DATA FOR REVIEW:
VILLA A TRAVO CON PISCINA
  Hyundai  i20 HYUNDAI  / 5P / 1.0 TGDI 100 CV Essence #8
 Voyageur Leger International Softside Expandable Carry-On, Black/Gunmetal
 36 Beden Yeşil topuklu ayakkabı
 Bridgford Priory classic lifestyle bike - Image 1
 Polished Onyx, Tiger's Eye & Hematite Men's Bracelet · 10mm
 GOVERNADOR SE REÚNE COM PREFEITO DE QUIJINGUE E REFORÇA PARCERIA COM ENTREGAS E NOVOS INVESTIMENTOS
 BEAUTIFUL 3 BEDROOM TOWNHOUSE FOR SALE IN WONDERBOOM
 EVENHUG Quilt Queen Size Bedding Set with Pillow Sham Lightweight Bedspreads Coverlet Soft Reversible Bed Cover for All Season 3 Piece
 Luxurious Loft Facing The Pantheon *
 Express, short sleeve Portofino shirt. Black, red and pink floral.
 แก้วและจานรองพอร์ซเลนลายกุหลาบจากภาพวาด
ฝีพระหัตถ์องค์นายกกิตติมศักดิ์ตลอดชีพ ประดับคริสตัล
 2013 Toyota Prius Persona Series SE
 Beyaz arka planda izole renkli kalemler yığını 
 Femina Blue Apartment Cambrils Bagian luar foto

WORK ORDER: The range runs from the line with "GOVERNADOR SE REÚNE" up to and including the line with "EVENHUG Quilt Queen" in the listing above; please write out exactly those lines and nothing more.

SOLUTION BELOW:
 GOVERNADOR SE REÚNE COM PREFEITO DE QUIJINGUE E REFORÇA PARCERIA COM ENTREGAS E NOVOS INVESTIMENTOS
 BEAUTIFUL 3 BEDROOM TOWNHOUSE FOR SALE IN WONDERBOOM
 EVENHUG Quilt Queen Size Bedding Set with Pillow Sham Lightweight Bedspreads Coverlet Soft Reversible Bed Cover for All Season 3 Piece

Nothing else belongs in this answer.